Many people are calling for technology to be more regulated, and even their workplaces improved on matters of sexism and other problems. But even as Google sits in the middle of such controversies, Google chief Eric Schmidt has stood by his company’s decisions.

As reported by the BBC, Schmidt defended the China collaborations by saying that it was an inevitable side effect of an increasingly connected world. He said that the company involves itself with China because of the fact that they are usually able to get “many benefits” from them.

Although General Joseph Dunford, the chairman of the US Joint Chiefs of Staff, claimed that partnership with China is still something to proceed with caution on because he reasoned that Google’s work with China "indirectly benefits the Chinese military and creates a challenge for us in maintaining a competitive advantage."

But like many other concerns, Schmidt has dismissed this too.

Back in 2010, Google had left China in fear of censorships and cyber attacks from Beijing, but Schmidt, now 64, said he had opposed that decision because he believed that Google is better off in China. He also said it was crucial for them to stay because it would “help change China to be more open.”

Whether or not that will prove beneficial is yet to be seen, especially since there seem to be widespread decisions that Google execs are making that the employees themselves are petitioning against.

For example, a rumored search engine by the name of Dragonfly is in the docket of Google’s projects.

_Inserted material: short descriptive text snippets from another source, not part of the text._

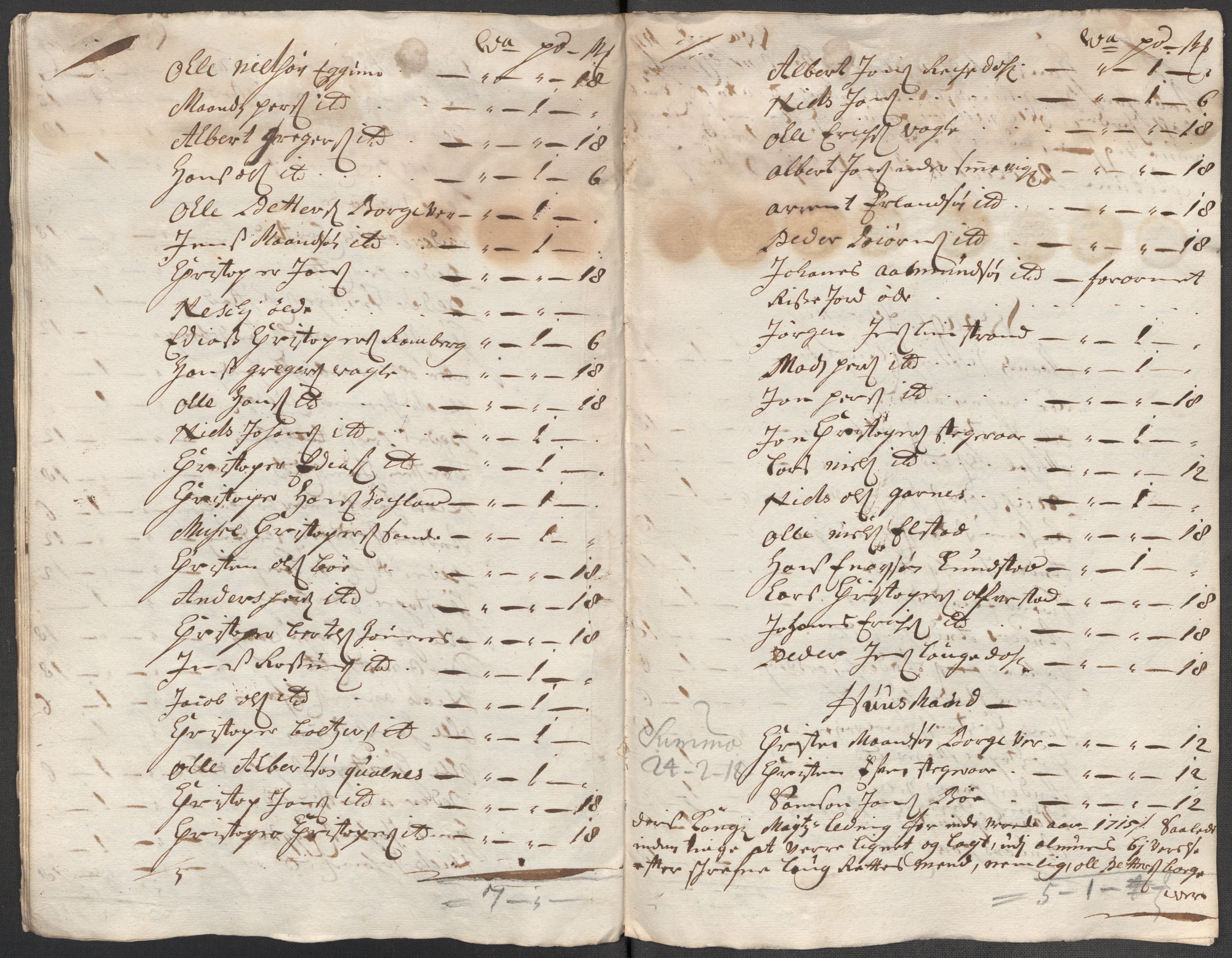 Rentekammeret inntil 1814, Reviderte regnskaper, Fogderegnskap, RA/EA-4092/R67/L4681: Fogderegnskap Vesterålen, Andenes og Lofoten, 1715, p. 155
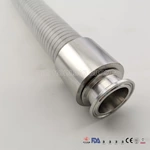FDA Grade Clear Wire Reinforced Silicone Hose for Food Grade Delivery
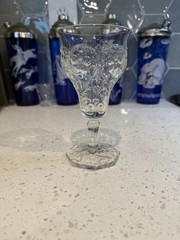 McKee Rock Crystal Clear 6” Wine Water Goblet Stem EAPG Depression Glass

It will reportedly align with Beijing’s requirements and as a result, has been highly controversial. It has amassed a protest of 1,400 Google employees and continues to be controversial to this day.

When asked about the Dragonfly project, Schmidt insisted that he was not aware of it solely because he was not directly involved in it. He did maintain: “I can tell you that certainly, the people who were building all these products knew about it.”